Task details
Determine which lines of the records include the word "Black", and copy them.

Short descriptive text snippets
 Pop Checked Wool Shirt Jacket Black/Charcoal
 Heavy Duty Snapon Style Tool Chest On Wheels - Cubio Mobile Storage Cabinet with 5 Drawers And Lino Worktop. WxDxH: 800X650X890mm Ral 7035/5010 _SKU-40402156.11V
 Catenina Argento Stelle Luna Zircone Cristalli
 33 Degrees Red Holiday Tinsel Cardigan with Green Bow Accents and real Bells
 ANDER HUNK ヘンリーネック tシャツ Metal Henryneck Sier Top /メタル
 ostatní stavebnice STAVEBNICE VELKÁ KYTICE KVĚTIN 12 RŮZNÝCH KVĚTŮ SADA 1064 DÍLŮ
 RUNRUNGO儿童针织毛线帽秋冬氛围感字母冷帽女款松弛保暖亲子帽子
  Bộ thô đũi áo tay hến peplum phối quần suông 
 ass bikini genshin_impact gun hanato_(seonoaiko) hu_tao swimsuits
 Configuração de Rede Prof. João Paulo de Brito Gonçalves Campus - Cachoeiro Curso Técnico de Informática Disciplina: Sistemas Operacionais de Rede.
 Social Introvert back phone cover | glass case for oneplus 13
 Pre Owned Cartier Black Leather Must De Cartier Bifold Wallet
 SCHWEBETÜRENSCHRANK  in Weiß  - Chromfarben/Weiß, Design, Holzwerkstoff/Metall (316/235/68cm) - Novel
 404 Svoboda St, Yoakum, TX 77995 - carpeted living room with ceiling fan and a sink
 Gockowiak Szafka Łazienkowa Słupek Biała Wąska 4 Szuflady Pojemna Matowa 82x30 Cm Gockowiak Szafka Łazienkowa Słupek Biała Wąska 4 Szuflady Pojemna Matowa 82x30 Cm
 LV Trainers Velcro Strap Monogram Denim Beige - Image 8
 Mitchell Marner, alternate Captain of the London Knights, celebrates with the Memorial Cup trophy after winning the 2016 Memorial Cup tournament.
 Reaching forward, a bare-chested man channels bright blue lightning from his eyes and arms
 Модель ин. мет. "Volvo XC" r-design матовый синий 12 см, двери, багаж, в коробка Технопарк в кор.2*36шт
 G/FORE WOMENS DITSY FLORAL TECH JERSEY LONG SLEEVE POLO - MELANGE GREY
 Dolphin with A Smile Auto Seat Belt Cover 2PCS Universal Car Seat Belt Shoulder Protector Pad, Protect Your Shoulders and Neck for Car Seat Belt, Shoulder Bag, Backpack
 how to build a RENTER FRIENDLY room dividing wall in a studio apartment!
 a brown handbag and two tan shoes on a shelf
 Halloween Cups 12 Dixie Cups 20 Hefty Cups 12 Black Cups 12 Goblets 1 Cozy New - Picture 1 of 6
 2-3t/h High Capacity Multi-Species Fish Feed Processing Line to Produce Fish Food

Solution for this task
 Pop Checked Wool Shirt Jacket Black/Charcoal
 Pre Owned Cartier Black Leather Must De Cartier Bifold Wallet
 Halloween Cups 12 Dixie Cups 20 Hefty Cups 12 Black Cups 12 Goblets 1 Cozy New - Picture 1 of 6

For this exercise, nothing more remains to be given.